Cuba was hard travel. That’s what I tell people when they ask if I’ve traveled there. The airport was modern and efficient. The taxi services and food establishments were abundant. The opportunities for entertainment and learning were nearly endless and crime was just as nearly non-existent. So why difficult?  In terms of travel and the tourism industry, Cuba is playing catch up. Many of the tech advances that we have become accustomed to globally (e.g. wifi, ATMs, etc.) aren’t available there yet and when you pile on the many restrictions for Americans (e.g. inability to exchange USD or use government-sponsored hotels), you’ll find yourself spending a lot of time sweating the small stuff. Cuba will make you realize how much you rely on your ability to google something you don’t know, or how many times you whip out a debit or credit card and get more cash on the fly. Yet, like many difficult things, a visit is worth the sweat.
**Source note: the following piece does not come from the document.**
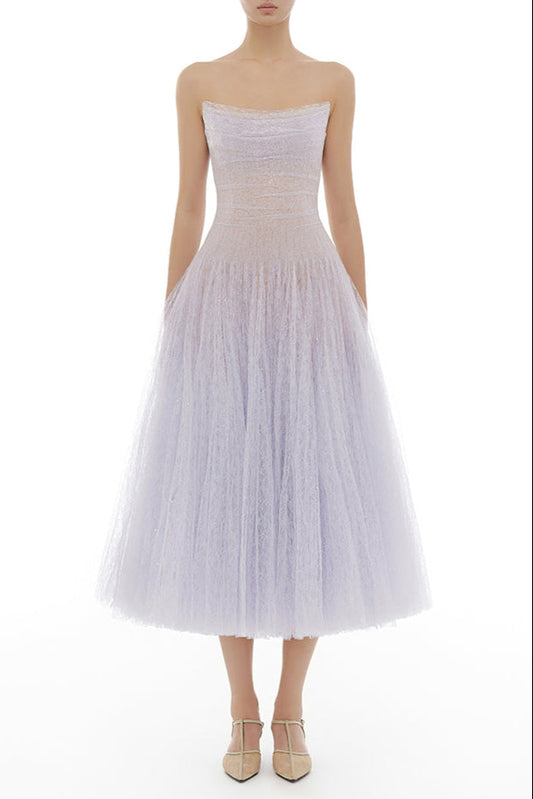 VIOLET DRAPED LACE MIDI DRESS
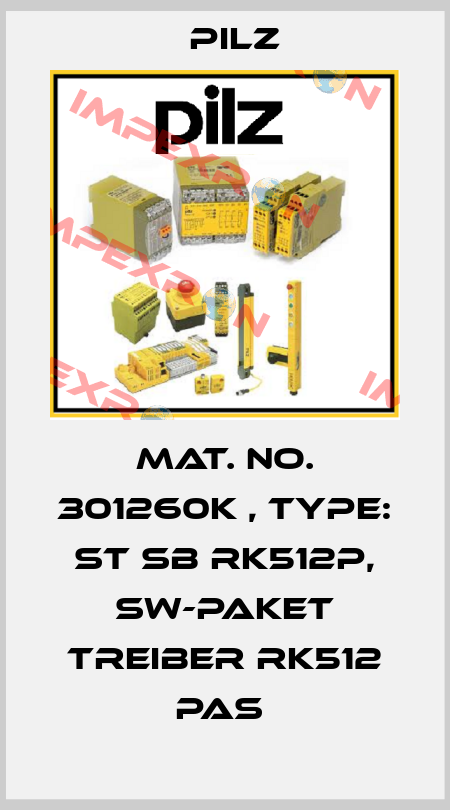 Mat. No. 301260K , Type: ST SB RK512P, SW-Paket Treiber RK512 pas  Pilz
Further, if the many cranes that now dot the Havana skyline are any indication of how quickly the country is preparing for you, then go quickly – in five years, the country won’t look the same.

In light of many U.S. visitors who are now hopping on planes legally or boarding cruise ships bound for the island, we wanted our 2nd destination issue of 2018 to explore Cuba. Like a virtual time capsule, we look to preserve the historical and political events of a time long gone by digging into holidays like Revolution Day. The country’s history juxtaposed next to their growing economy and shifting socio-political environment make for a great landscape of creativity. As such, in this issue, you’ll find articles on everything from going to med school in Cuba to a Michelin starred Cuban chef entering the burgeoning app industry.

As usual, we cover a range of subjects that are unique to Cuba and Cuban tourists, but more importantly, we deep dive into matters that are particularly a concern to you – the traveler of color. From the misreported conditions in Puerto Rico and the #MeToo movement and how it’s affecting Latin American countries to Outdoor Afro’s Kilimanjaro Expedition and fixing your credit, we aim to appeal to the entire traveler in you. And believe me…it’s worth the sweat.